In ogni caso, sempre all'interno di questa seconda tipologia di caso letterario: Raymond Carver era già storicizzato e pubblicato da Garzanti quando lo scoprì minimumfax, divenne un caso letterario grazie a copertine coloratissime e pop. Una minestra riscaldata ma servita meglio, user friendly, in piatti di plastica. Elido Fazi, il rivale overground di Marco Cassini, non poteva accontentarsi di Melissa P e di Bin Laden, e dovette dare altro che cento colpi di spazzola alla sua redazione per trovare un caso letterario serio. Purtroppo lo trovò, così esplose l'asfissiante moda di John Fante e dei fan di Fante, i fantini, peggio ancora dei carverini. Una volta Fazi mi disse di avere per le mani degli irlandesi «meglio di Joyce, perché Joyce è sopravvalutato», e pronunciava Joyce con una smorfia di disgusto, come se fosse Raffaele Avanzini della Newton Compton. Il quale di solito non fa neppure finta di non guardare solo al soldo. Infatti contrattaccò con il caso letterario dei vampiri di Lisa Jane Smith e sicuramente pensò: strike. Non era letteratura? Pensò: stikazzi. In seguito però ha pubblicato una nuova traduzione dell'Ulisse, tutta colorata stile minimum, per vedere se gli riusciva di rilanciare l'Ulisse come un caso letterario e fare dispetto a Fazi. Avanzini, tra parentesi e tra Parente, è quello che un giorno mi disse: «Joyce? Mica è letteratura, a' letteratura è Faletti, a' letteratura deve vende'». Pronunciando Joyce con una smorfia schifata, come se fossi Fazi. Infine l'ultimo caso letterario fresco fresco è di nuovo targato Fazi, si chiama John Williams. Non è John Fante ma è un John e è pure più fantino di Fante: un americano duro e puro, con una biografia da reduce di guerra light, in India e in Birmania. Prima ci fu Stoner, poi uscì Butcher's Crossing, un romanzo sulla caccia da alcuni paragonato a Moby Dick, al posto della balena i bisonti, in realtà una bistecca narrativa né carne né pesce. Però esprimeva bene l'evergreen del bovarismo esotico di americanità da prateria, lo vedrei bene vicino al menù dei fratelli La Bufala.

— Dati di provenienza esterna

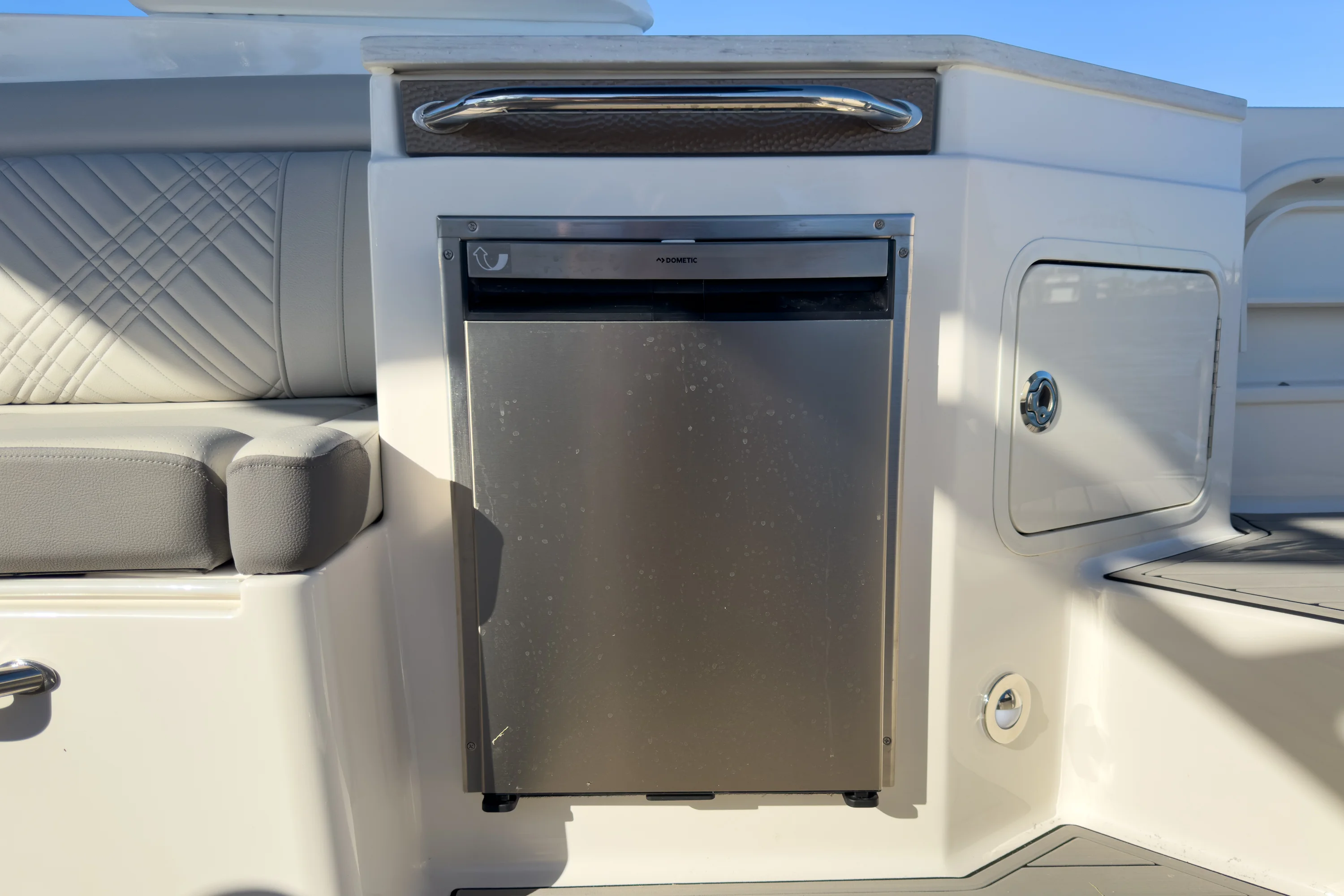 2026 Sea Ray SDX 290 Outboard Image Thumbnail #10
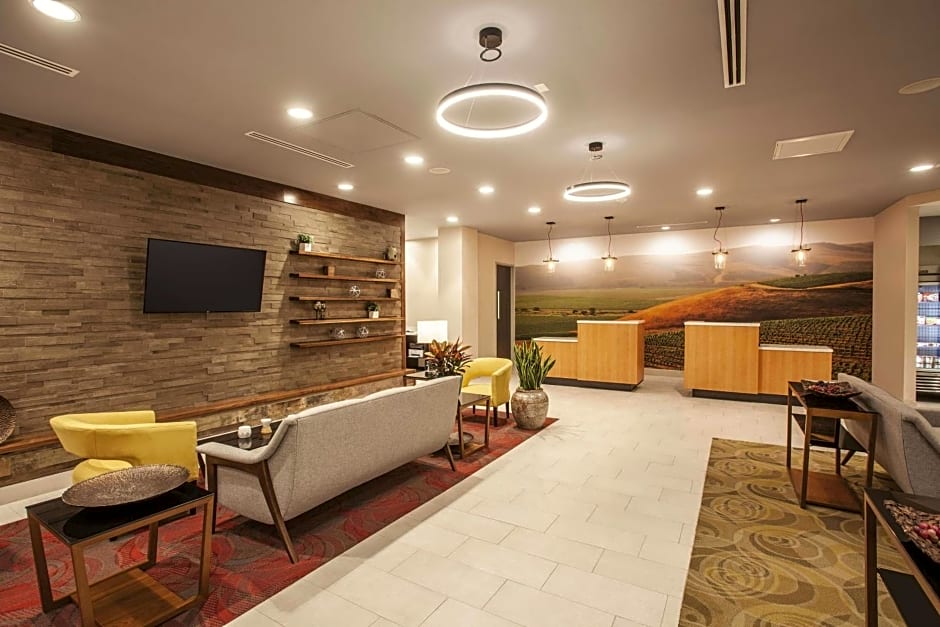 La Quinta Inn & Suites by Wyndham Morgan Hill -San Jose South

Adesso, emozione, esce il romanzo di esordio di John Williams, stavolta senza bufali, però un'altra bufala. Titolo: Nulla, solo la notte. Magari ci fosse solo la notte, una lagna soporifera anche di giorno: Arthur Maxley è come un Antoine Roquentin scaraventato a San Francisco tra un cocktail, un dormiveglia pieno di sogni appiccicosi, e speculazioni sull'infanzia infelice. Il protagonista vi racconta il contorcersi della sua «anima sporca e disordinata» per centotrenta pagine che sembrano tremila, non passano mai. Tutto va «addensandosi ai margini della sua coscienza, come un ammasso di nuvole che s'addensa e si contorce in un cielo chiaro fino a rievocare un volto familiare…». Sulla quarta di copertina in compenso s'addensa una splendida frase del New Yorker (una frase del New Yorker è d'obbligo in ogni caso letterario americano), totalmente condivisibile: «La pulizia della scrittura di Williams è così poco appariscente e simile alla lucentezza che resiste sui pavimenti bruniti di legno massello». Significa che potete metterlo sotto la zampa del tavolo ballerino e tiene bene per decenni, fossi Ikea ne prenderei uno stock. Tuttavia, attenzione, non si parla male di un caso letterario, specie se americano: anche se non è Adelphi rischiate una brutta figura. Lo faccio io perché tanto sono uno scrittore stronzo, e perché me lo posso permettere. Ufficialmente si dice così: John Williams è il nuovo Melville delle praterie dell'anno scorso, ora il Sartre di San Francisco, me ne dia subito una copia.

E poi anche una margherita di bufala e una coca media, grazie.